ENTRIES SHOWN —

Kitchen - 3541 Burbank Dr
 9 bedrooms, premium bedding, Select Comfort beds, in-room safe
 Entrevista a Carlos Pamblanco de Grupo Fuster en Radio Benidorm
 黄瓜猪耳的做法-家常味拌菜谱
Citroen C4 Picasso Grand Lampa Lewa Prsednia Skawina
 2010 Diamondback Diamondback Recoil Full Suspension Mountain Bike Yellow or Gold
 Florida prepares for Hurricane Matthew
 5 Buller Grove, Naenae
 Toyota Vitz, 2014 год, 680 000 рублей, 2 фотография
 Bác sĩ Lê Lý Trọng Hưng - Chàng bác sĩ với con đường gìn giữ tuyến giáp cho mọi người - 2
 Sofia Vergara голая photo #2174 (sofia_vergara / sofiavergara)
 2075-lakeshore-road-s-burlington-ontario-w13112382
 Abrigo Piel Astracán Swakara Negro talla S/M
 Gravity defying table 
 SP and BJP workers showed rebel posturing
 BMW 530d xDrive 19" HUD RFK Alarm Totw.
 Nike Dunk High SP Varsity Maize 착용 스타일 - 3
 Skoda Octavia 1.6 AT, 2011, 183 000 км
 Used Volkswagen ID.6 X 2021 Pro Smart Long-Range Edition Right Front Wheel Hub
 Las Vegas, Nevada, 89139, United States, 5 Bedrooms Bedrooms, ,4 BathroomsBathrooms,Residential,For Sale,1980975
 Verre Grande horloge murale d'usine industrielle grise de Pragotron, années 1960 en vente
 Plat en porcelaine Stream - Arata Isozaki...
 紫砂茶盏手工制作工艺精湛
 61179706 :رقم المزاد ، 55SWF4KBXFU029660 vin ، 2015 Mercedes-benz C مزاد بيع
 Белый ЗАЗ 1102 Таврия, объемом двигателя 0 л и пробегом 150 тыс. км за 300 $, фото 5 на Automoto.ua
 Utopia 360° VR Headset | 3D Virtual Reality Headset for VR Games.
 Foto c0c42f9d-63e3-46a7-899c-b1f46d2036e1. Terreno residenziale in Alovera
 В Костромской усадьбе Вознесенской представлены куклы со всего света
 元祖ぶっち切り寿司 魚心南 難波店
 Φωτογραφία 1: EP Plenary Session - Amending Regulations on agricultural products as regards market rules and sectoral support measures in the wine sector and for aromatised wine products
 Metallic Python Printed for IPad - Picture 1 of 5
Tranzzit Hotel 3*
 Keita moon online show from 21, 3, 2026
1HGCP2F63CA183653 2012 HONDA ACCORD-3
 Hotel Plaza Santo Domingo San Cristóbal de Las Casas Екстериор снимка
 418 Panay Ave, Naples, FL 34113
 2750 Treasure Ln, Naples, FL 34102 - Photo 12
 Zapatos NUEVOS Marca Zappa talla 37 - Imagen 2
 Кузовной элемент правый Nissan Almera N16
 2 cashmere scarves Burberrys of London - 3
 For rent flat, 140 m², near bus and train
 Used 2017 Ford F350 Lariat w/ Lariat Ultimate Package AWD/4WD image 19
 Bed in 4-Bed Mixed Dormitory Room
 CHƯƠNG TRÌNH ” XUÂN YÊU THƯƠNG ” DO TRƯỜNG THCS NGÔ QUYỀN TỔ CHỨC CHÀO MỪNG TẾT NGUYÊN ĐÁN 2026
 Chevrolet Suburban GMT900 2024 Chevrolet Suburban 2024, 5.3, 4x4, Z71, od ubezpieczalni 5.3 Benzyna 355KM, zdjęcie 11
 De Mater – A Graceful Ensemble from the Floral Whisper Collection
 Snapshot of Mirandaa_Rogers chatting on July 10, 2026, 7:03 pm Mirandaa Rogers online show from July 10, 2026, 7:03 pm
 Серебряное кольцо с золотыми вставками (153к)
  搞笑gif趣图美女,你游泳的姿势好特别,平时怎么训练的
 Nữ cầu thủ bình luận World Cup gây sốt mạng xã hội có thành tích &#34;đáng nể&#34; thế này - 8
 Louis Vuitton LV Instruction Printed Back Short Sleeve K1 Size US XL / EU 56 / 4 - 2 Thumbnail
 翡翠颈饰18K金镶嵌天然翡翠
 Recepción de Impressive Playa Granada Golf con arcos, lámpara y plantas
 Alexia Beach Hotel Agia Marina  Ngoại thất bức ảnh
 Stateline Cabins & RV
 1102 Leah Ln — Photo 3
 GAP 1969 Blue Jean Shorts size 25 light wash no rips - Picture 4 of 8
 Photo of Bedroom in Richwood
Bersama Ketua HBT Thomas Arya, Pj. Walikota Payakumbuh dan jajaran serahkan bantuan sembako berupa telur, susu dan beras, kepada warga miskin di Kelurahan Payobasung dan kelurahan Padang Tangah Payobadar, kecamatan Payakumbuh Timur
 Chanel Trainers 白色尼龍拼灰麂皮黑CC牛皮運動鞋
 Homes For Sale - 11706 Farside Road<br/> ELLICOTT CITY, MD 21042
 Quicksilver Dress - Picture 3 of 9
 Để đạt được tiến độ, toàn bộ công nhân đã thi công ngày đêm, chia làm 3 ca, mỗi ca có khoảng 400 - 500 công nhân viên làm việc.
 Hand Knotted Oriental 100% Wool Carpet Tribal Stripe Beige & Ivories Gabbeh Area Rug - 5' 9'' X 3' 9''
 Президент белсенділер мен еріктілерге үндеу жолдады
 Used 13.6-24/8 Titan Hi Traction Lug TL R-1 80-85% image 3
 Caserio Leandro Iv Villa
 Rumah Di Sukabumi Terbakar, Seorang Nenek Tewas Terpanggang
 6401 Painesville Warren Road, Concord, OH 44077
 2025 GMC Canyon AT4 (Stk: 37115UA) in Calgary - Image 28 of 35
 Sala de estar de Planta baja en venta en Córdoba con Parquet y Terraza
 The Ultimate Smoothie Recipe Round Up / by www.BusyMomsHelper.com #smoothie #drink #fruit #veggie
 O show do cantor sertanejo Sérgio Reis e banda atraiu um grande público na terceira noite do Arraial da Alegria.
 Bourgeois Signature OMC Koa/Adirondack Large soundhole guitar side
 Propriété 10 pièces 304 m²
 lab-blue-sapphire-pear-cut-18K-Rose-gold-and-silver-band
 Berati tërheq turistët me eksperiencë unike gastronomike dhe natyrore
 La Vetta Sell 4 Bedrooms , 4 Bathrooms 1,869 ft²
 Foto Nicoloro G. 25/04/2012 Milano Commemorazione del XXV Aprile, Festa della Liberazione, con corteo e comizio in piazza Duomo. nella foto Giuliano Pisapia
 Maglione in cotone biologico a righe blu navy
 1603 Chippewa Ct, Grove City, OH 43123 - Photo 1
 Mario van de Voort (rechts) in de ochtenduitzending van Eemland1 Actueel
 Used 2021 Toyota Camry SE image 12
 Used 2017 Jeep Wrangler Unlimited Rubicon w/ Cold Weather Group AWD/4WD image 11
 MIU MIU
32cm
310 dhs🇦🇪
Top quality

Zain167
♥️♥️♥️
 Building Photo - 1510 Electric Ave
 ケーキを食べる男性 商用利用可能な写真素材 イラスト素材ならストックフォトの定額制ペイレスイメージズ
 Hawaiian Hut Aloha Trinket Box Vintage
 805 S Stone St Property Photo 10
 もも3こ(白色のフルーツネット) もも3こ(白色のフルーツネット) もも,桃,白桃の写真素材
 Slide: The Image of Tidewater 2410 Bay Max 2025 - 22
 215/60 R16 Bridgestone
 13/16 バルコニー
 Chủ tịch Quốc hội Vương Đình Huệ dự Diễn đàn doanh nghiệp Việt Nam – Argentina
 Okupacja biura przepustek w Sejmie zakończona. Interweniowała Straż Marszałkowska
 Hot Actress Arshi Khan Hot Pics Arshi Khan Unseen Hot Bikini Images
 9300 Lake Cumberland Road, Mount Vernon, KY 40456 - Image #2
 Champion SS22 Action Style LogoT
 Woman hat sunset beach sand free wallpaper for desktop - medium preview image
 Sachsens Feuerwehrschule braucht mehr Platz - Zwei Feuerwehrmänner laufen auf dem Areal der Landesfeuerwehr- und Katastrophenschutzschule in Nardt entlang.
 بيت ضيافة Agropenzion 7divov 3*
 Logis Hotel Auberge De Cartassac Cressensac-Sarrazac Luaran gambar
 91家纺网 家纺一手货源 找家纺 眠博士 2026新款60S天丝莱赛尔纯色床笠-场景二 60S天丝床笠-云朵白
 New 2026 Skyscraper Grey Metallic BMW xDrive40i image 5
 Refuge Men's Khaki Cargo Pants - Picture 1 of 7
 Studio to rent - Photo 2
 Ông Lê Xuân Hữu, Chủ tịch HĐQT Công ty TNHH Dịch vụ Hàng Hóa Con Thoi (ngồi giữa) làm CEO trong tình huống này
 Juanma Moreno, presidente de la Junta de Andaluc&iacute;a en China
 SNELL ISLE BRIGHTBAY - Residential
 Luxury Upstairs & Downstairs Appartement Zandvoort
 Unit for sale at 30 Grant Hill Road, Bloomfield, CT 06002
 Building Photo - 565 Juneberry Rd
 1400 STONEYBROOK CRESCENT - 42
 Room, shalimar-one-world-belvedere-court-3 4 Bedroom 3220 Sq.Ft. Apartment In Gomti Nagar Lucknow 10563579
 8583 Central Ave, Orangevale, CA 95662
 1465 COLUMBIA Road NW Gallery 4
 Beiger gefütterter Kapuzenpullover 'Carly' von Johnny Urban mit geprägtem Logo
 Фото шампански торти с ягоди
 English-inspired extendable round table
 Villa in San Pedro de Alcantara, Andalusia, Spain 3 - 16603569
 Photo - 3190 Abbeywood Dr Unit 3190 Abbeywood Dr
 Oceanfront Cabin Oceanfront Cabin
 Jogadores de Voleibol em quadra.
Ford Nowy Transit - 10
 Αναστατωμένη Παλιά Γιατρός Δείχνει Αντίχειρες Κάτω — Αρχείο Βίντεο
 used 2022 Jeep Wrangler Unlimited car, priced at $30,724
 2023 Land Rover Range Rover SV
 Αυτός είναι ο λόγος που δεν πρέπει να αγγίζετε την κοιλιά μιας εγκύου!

WHAT NEEDS TO BE DONE — Only the lines from the one containing "Las Vegas, Nevada, 89139, United" through the one containing "元祖ぶっち切り寿司 魚心南 難波店" are to be retyped, both boundary lines included, with no other material.

COMPLETED TASK —
 Las Vegas, Nevada, 89139, United States, 5 Bedrooms Bedrooms, ,4 BathroomsBathrooms,Residential,For Sale,1980975
 Verre Grande horloge murale d'usine industrielle grise de Pragotron, années 1960 en vente
 Plat en porcelaine Stream - Arata Isozaki...
 紫砂茶盏手工制作工艺精湛
 61179706 :رقم المزاد ، 55SWF4KBXFU029660 vin ، 2015 Mercedes-benz C مزاد بيع
 Белый ЗАЗ 1102 Таврия, объемом двигателя 0 л и пробегом 150 тыс. км за 300 $, фото 5 на Automoto.ua
 Utopia 360° VR Headset | 3D Virtual Reality Headset for VR Games.
 Foto c0c42f9d-63e3-46a7-899c-b1f46d2036e1. Terreno residenziale in Alovera
 В Костромской усадьбе Вознесенской представлены куклы со всего света
 元祖ぶっち切り寿司 魚心南 難波店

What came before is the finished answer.